• [What is expected]
Only one stretch of the data below should be repeated: the lines from the line containing "(4) Motor Mounts" through the line containing "Kraft cheddar all in", inclusive, exactly as they are.

• [Listed entries]
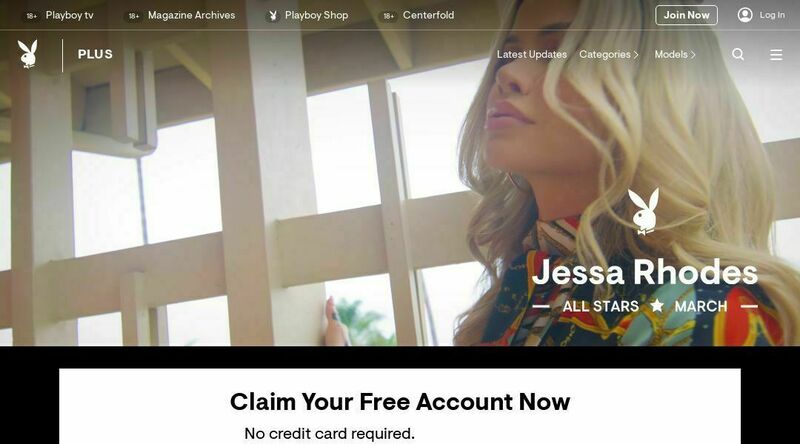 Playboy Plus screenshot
* * *
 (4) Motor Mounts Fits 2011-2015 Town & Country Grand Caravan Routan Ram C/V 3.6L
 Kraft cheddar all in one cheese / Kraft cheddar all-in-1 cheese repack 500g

• [Result below]
 (4) Motor Mounts Fits 2011-2015 Town & Country Grand Caravan Routan Ram C/V 3.6L
 Kraft cheddar all in one cheese / Kraft cheddar all-in-1 cheese repack 500g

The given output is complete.